Como quase diz lá o defensor do promotor Harrison Ford, acusado de matar a amante, é melhor nem saber o que o réu fez para não atrapalhar a defesa. Que se baseia, quase sempre, nas chicanas em torno das firulas do processo.
Como aos jornalistas interessa, porém, é se houve algum cadáver, lá vai o que li e depreendi ao longos dos anos do caso do triplex do Guarujá:
- Marisa Letícia comprou o direito de uma unidade de 82m em uma das torres do conjunto empreendido pelo sindicato dos bancários, presidido por João Vaccari.
- Em 2008, a pedido de Lula, o dono da OAS Leo Pinheiro aceitou assumir o empreendimento então falido, paralisado e sob risco de prejudicar 2.400 afiliados.
- Em 2009, a OAS deu pro de 30 dias para cada morador se manifestasse por devolver o imóvel e receber as parcelas pagas de volta ou assumir novas parcelas em novo contrato.
- Marisa Letícia foi a única que não aceitou nem uma coisa e nem outra. Não devolveu o imóvel e nem continuou pagando.
- Matéria de O Globo de 2010 revelou que os Lula da Silva eram donos de uma cobertura no prédio, solicitada por Vaccari como compensação. Léo confirmou. Vaccari, não.
- Entre 2010 e 2013, Léo tentou convencer Lula, através de Vaccari e do diretor do Instituto Lula, Paulo Okamoto, a transferir a propriedade dessa cobertura, ainda em nome da empresa.
- Em fevereiro de 2014, Lula visitou o apartamento com o empreiteiro, quando teria solicitado reformas – escada, elevador e churrasqueira.
- Em agosto do mesmo ano, Marisa Letícia visitou com o filho e o arquiteto planejando reformas para usar o imóvel ainda no réveillon daquele ano.

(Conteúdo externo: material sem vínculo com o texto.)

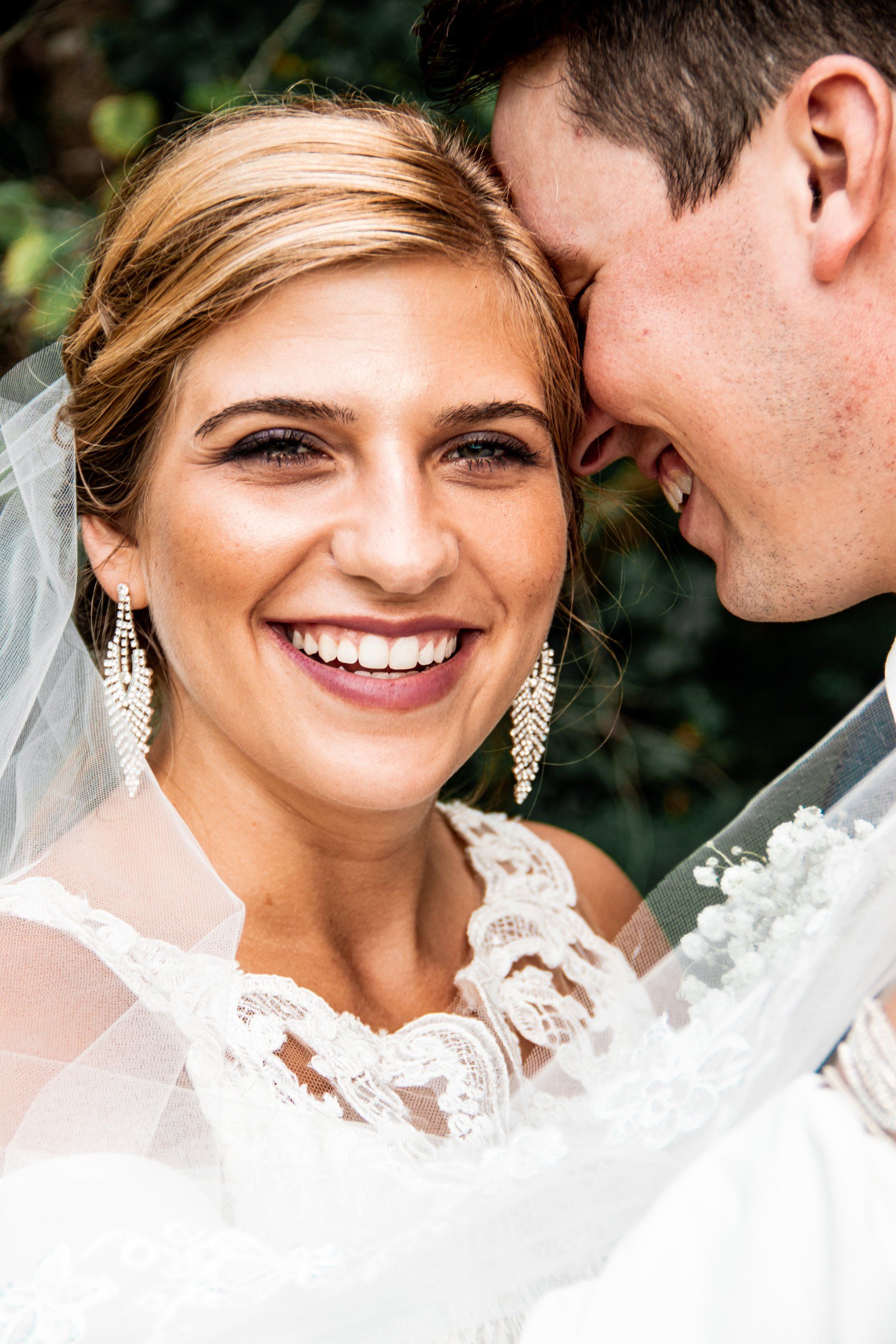 A bride and groom are posing for a picture and the bride is smiling while the groom kisses her forehead.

- Documentos e delações do empreiteiro, da empresa de arquitetura e do vendedor comprovaram que a cozinha planejada foi escolhida por Marisa e encomendada junto com a do sítio de Atibaia.
- Em novembro daquele ano, Léo foi preso pela Lava Jato por desvios na Petrobras. No início de 2015, seis anos depois de ter sido consultada, Marisa Letícia decidiu enfim desistir oficialmente do imóvel e pedir o dinheiro de volta.

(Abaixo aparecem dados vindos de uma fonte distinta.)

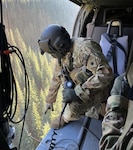 Spc. Nicholas Ehrenheim, a Black Hawk crew member with1st Battalion, 168th General Support Aviation, Washington Army National Guard, points down to an opening in a heavily wooded area near Leavenworth, Wash., Oct. 15, 2022. The Guard aircrew rescued a hiker who sustained a chest injury.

O processo aberto pela Justiça de São Paulo foi enviada pela juíza do caso para Sergio Moro, no entendimento de que se tratava de mérito relacionado à Petrobras. Que o apartamento teria sido dado a Lula como contrapartida por benefícios em contratos com a petroleira.

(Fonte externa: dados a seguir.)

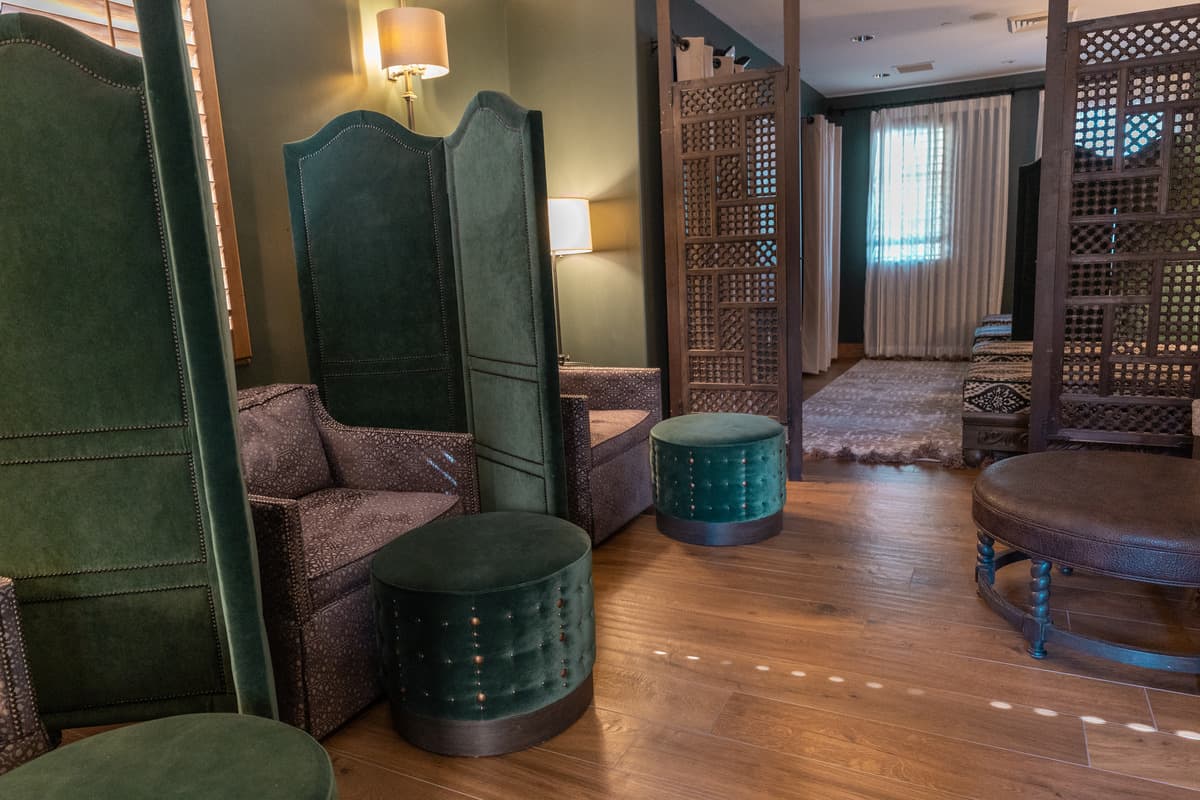 A hotel spa with purple armchairs and velvet green footstools separated by velvet green dividers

A relação deu base ao famoso Powerpoint do procurador Dallagnol, em que colocava Lula no centro de um sistema tentacular para explorar a Petrobras em troca de benefícios pessoais, para aliados e o PT.
A principal restrição de bons juristas à sentença de Sergio Moro é que ela teria considerado toda essa conjuntura e os depoimentos dos delatores, sem provas objetivas que os ligassem a Lula.
Usou as chamadas provas indiciárias, que o Direito brasileiro tratava até então com ressalvas. Com a decisão de ontem na Segunda Turma do STF, se não for revertida em plenário, elas perdem todo o valor.
A prova de que Lula pudesse ter encomendado, pedido e recebido o benefício, em troca de favores à empreiteiro na Petrobras, seria a única reunião a sós com Léo, de cuja veracidade depende um consenso impossível entre os dois.
A defesa de Lula se ateve ao fato de que ele nunca foi dono. A tese da Lava Jato era de ocultação de patrimônio e lavagem de dinheiro.
Para Lula, Léo mentiu para obter benefícios da delação. Em seu depoimento a Sérgio Moro, atribuiu a Marisa Letícia, já morta, todas as gestões relacionadas ao apartamento. A mais de um aliado disse que nunca quis o imóvel, porque uma cobertura de praia não cabia na sua biografia.